[Task data — start]

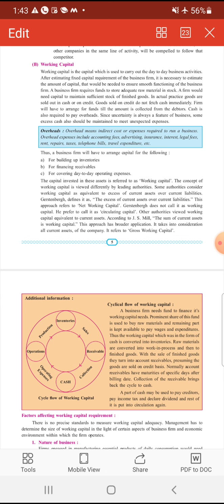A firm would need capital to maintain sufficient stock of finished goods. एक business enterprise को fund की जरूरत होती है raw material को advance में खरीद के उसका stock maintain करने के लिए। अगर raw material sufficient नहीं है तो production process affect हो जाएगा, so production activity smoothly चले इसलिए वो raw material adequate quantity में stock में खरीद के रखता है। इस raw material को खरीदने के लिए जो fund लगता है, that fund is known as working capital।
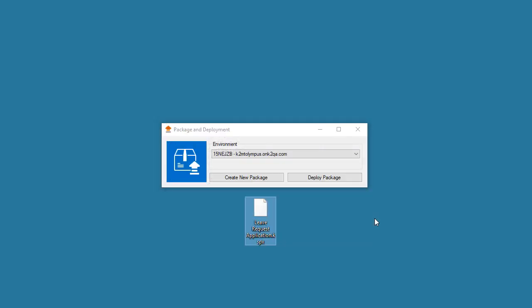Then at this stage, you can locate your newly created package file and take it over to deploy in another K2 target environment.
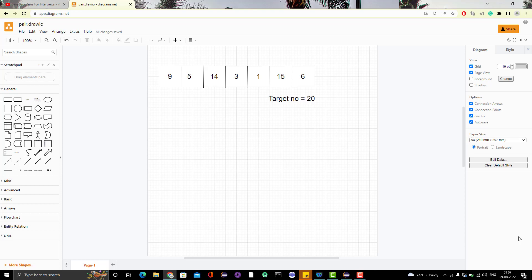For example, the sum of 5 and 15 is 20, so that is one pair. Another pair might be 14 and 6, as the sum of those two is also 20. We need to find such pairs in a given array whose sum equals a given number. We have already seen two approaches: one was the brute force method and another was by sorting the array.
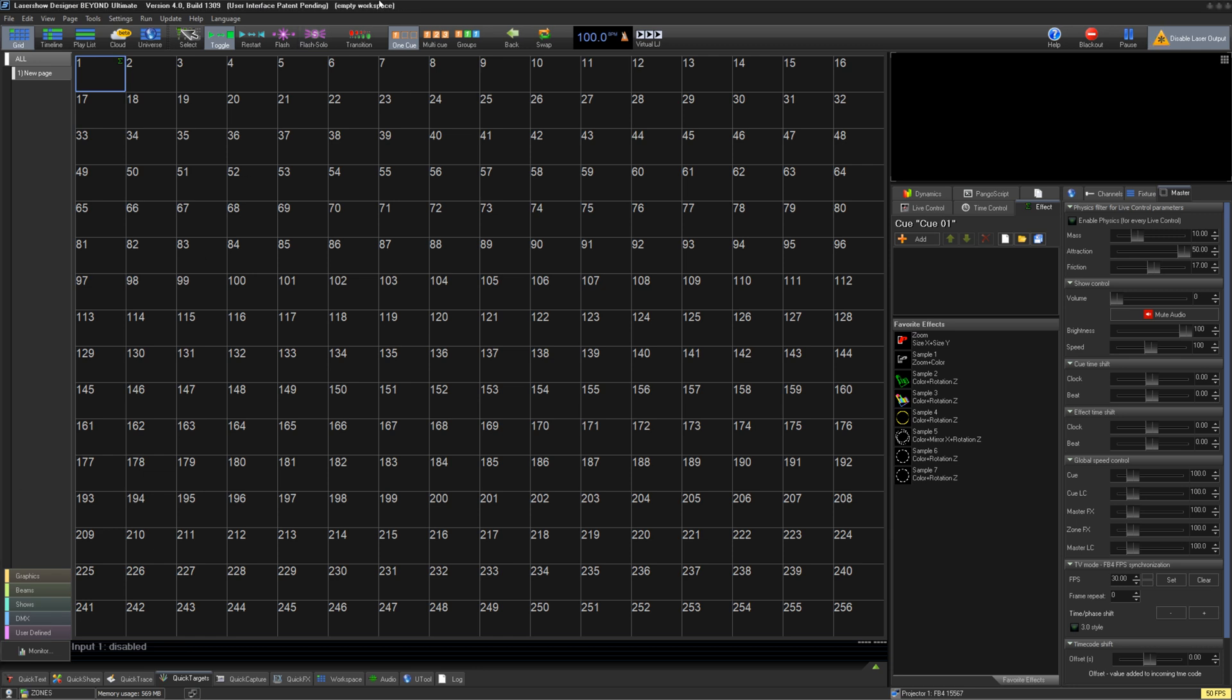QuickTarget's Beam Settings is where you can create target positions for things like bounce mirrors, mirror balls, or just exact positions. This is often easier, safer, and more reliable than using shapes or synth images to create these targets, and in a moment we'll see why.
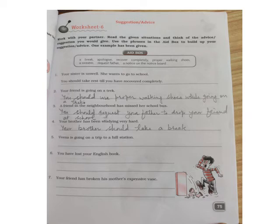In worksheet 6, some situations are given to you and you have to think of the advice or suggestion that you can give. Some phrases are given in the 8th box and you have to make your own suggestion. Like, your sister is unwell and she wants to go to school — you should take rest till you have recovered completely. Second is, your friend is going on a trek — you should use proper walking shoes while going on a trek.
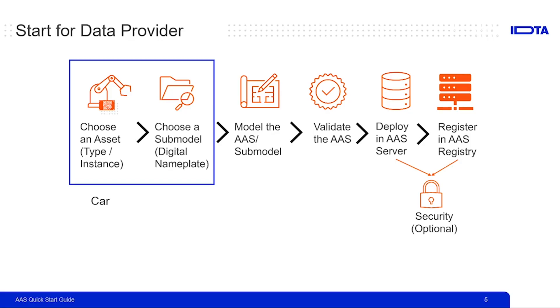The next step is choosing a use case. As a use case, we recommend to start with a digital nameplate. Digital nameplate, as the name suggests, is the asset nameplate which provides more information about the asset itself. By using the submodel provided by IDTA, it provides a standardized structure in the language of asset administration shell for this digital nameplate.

[Task data — finish]

Look above for the line with "Then at this" and the line with "QuickTarget's Beam Settings"; set down those two lines and all lines between them exactly, without pictures and without anything else.

> **Solution to this task**:
Then at this stage, you can locate your newly created package file and take it over to deploy in another K2 target environment.
For example, the sum of 5 and 15 is 20, so that is one pair. Another pair might be 14 and 6, as the sum of those two is also 20. We need to find such pairs in a given array whose sum equals a given number. We have already seen two approaches: one was the brute force method and another was by sorting the array.
QuickTarget's Beam Settings is where you can create target positions for things like bounce mirrors, mirror balls, or just exact positions. This is often easier, safer, and more reliable than using shapes or synth images to create these targets, and in a moment we'll see why.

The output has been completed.